C++ is the main language of game development. This is changing slowly as indies embrace other languages, but in the AAA space C++ is still overwhelmingly dominant. C++ is descended from – and is very similar to – the language C. First created in 1972, C is just one year younger than I am. It was devised for the world of the 1970s. It was targeted at the hardware of the 1970s, and was originally intended for writing operating systems.
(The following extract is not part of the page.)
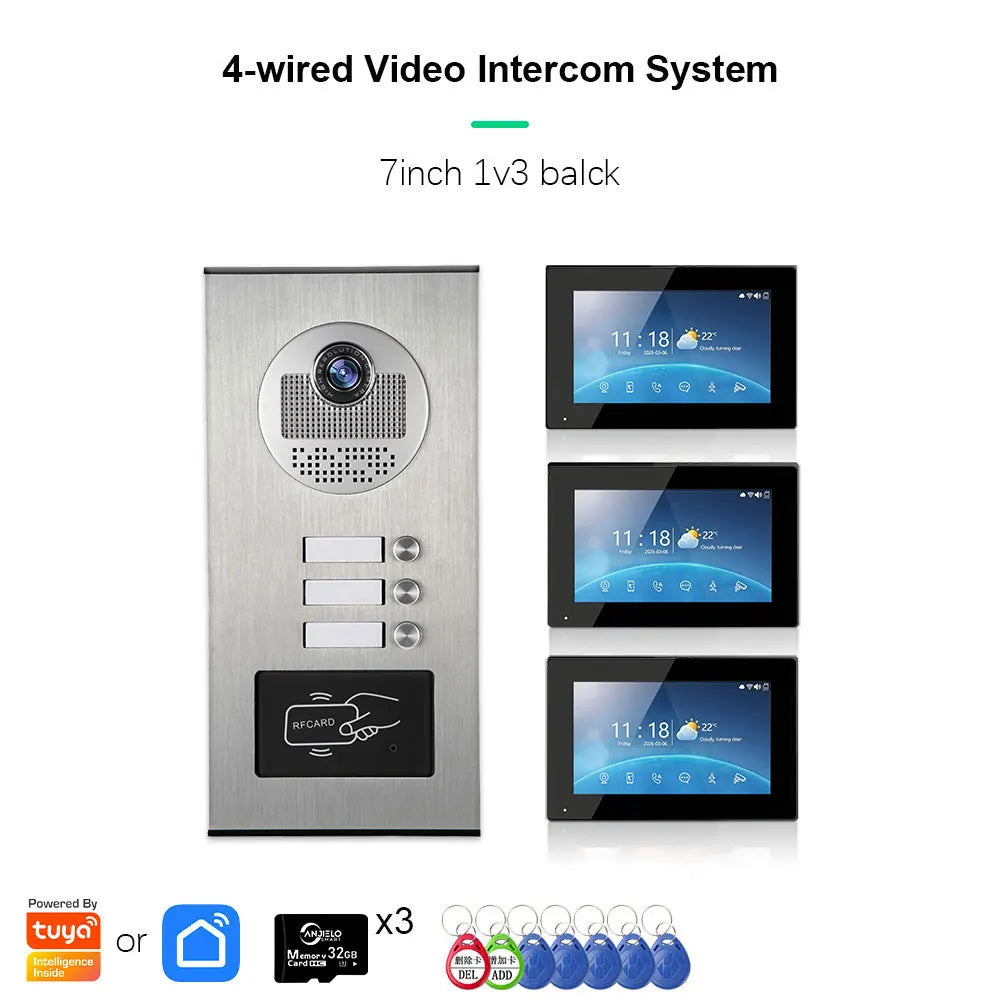 ANJIELO 2-12 Units Apartment Doorbell Video Intercom System Digital Frame Background Music Detection Preview NEW 2026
This seems crazy, doesn’t it? Writing operating systems for Nixon-era mainframes is so vastly different from building AAA games in 2019 that it’s like we’re using coal-fired steam engines to go to the moon. Sure, the steam engine has been modernized a bit, but there are still conventions built into the language that don’t make a lot of sense in the world of 2019. The fact remains that somewhere underneath all those rocket engines and silver wings is a chugging steam engine.
C++ certainly has language features not available in C. C++ has classes, inheritance, operator overloading, and a bunch of other slick ways of expressing complex solutions in code. Those are nice, but none of those things uniquely address challenges faced in games programming. We could, in an alternate universe, use a different sort of language with a different set of features.
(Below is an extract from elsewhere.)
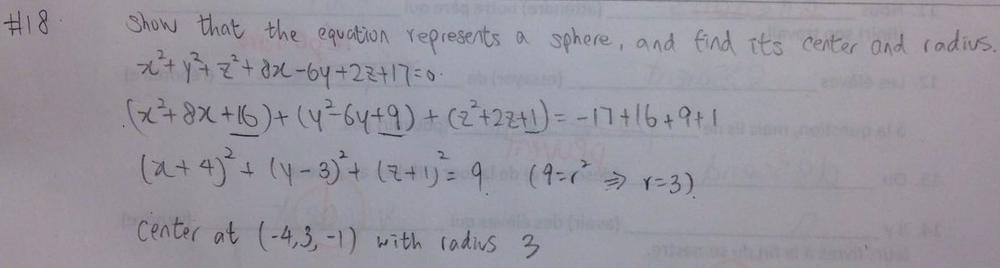 Show That The Equation Represents A Sphere And Find Its Center And Radius X2 Y2 Z2 8x 6y 2z 17 0 Homework Help And Answers Slader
It’s not like this industry is incapable of evolution! Studios have changed game engines, and game engines have changed what graphics API they favorOn the PC side, this boils down to DirectX vs. OpenGL, with third-party candidate Vulkan landing a few recent wins.. Our tools are different, the target hardware is different, the operating systems are different, and the performance challenges have changed numerous times. Rendering technology has gone through at least two major revolutions. First there was the jump from software rendering to using dedicated graphics hardware, and then another jump when we added the ability to program that graphics hardware using shaders. Over the last 30 years we’ve changed every single thing about game development except the language!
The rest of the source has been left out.